Section 655.42(1), Stats. The statute's reference to "persons under sub. (2)" includes "patients, their representatives, spouses, parents or children and health care providers." Section 655.42(2). (Emphasis added.)

Concomitant with the enactment of this policy, the legislature enacted the tolling provisions of sec. 655.44(4), Stats. See sec. 69m, 1985 Wis. Act 340. The harmony of these two enactments is self-evident. When a claimant invokes mediation, both the claimant and the provider benefit from the "inexpensive and expedient" aspects of that process. Resolution of the controversy, short of protracted and expensive litigation, is a distinct possibility. A claimant who chooses to pursue the "inexpensive and expedient" option of mediation with a health care provider should not suffer the continued running of any applicable statute of limitations and risk the loss of his or her cause of action as to that provider.

The same logic, however, does not and should not apply where the claimant does not involve a health care provider in the mediation process. In such a situation, the public policy served by sec. 655.42(1), Stats., cannot come into play because the claimant has not invoked it. Therefore, the meritorious purpose served by the concomitant tolling of any applicable statute of limitations is similarly irrelevant. Dippel seeks to arm himself with both the sword of mediation and the shield of a tolled *861 statute of limitations while leaving the health care providers not involved in the mediation process defenseless on both fronts. We do not see this as the legislative scheme.

Dippel argues that we should not interpret the mediation statutes in a fashion which frustrates mediation and which harshly occasions the loss of a cause of action by the running of a statute of limitations.[3] Were we operating under the mediation statutes in this case we would likely follow this philosophy. However, by not involving the health care providers in the mediation process, it is Dippel, not us, who has frustrated, indeed spurned, the mediation process in this case.

[8]

Consequently, the statute of limitations as to the respondent health care providers continued to run and expire despite the mediation proceedings concerning another provider in this case. The circuit court correctly *862 dismissed the action as to the respondent providers.[4]

By the Court.—Judgment affirmed.

NOTES

[1] Because Dippel's action continues against other health care providers, the Wisconsin Patients Compensation Fund remains a defendant insofar as its potential liability derives from those providers.

[2] Dippel's request for mediation also named Dr. Sanger's malpractice insurance carrier, Wisconsin Health Care Liability Insurance Plan, and the Wisconsin Patients Compensation Fund.

[3] In support, Dippel cites Eby v. Kozarek, 153 Wis. 2d 75, 450 N.W.2d 249 (1990).
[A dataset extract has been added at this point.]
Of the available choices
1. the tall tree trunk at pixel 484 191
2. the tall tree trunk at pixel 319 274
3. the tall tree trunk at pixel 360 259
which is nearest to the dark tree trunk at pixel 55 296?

Eby, however, does not control because there Eby timely filed his circuit court action and, unlike this case, named all necessary health care providers. The only issue was whether Eby's failure to request mediation within the statutory time limit after filing the action served to continue the running of the statute of limitations. Id. at 77-78, 450 N.W.2d at 250. The supreme court held that the statutory language was directory—not mandatory—and that Eby's commencement of the action tolled the statute. See id. at 83, 450 N.W.2d at 253.
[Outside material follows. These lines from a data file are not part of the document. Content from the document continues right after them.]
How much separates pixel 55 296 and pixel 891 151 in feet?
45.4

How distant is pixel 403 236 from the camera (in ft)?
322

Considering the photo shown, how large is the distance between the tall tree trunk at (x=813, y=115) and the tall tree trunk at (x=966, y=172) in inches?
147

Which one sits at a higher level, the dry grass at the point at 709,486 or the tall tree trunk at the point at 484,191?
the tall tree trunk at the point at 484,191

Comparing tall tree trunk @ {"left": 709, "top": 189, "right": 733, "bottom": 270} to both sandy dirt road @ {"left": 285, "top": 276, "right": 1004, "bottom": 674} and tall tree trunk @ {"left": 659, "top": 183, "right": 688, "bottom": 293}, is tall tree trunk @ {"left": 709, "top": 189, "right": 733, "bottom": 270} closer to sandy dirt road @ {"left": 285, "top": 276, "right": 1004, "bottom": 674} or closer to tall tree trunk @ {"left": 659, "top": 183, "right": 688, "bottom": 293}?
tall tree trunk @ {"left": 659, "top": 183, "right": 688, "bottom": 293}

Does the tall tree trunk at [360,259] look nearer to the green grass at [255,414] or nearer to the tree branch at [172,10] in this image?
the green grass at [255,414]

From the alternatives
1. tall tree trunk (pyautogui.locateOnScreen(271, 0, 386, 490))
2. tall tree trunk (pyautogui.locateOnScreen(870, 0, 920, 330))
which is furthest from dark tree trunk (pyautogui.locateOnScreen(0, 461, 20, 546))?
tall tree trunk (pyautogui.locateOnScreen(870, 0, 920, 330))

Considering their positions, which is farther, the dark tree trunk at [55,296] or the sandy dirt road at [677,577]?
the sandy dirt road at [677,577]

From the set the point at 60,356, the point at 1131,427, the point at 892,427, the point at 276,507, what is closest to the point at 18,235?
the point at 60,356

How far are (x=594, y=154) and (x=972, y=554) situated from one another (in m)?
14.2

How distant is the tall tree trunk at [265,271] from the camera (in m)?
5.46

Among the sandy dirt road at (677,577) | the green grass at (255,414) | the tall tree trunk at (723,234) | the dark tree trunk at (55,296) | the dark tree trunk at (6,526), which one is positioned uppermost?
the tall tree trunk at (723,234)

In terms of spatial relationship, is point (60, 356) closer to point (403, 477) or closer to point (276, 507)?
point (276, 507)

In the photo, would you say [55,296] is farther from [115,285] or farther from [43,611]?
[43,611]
Dippel also cites Gauger v. Mueller, 149 Wis. 2d 737, 439 N.W.2d 637 (Ct. App. 1989), and Schulz v. Nienhuis, 152 Wis. 2d 434, 448 N.W.2d 655 (1989). These cases do not control because they are not statute of limitations cases.

[4] In his reply brief, Dippel argues that the statute of limitations should be tolled against health care providers not named in the mediation proceeding because "the mediation session itself is meant to be a kind of pre-litigation discovery . . .." Dippel apparently believes that a purpose of mediation is to discover other potentially responsible health care providers. Dippel, understandably, cites no authority for this proposition because there is none. As noted, the purpose of the mediation system is to provide an informal, inexpensive and expedient means for resolving disputes without litigation. Section 655.42(1), Stats. This expression of legislative intent does support Dippel's theory.